Thomas More’s Utopia was written in a similar nonsensical style. For example, the word Utopia means “no place”, its major city had a waterless river running through it and the narrator has a name which means “speaker of nonsense”. It was a work as much about human foolishness as anything else, and part of its enduring quality is that it is a commentary on the human condition that can be given so easily to folly.
The book, in two parts, also drew a contrast between the foolishness of the corrupted state of western Renaissance Europe and the idealistic newly discovered island of Utopia. Nothing much has changed on that front. We seem now to be creating two worlds: one of the oligarchic super rich who receive obscene amounts of money that then funds their foolish spending. The other is a growing economic poverty among the majority who find it increasingly difficult to make ends meet. This is socially a very dangerous situation.
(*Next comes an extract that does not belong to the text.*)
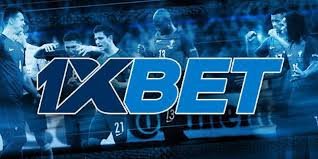 Discover the 1xBet App Your Ultimate Betting Companion -1505151607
Pope Francis has written the following words, which are so apposite to our present condition in the contrast that he draws. “The world tells us to seek success, power and money; God tells us to seek humility, service and love.” Perhaps the still, small voice of God ought to be heard more often.
Our best wishes go to Bishop Alan Hopes, who has visited us in the past, upon his translation to become the new Bishop of East Anglia.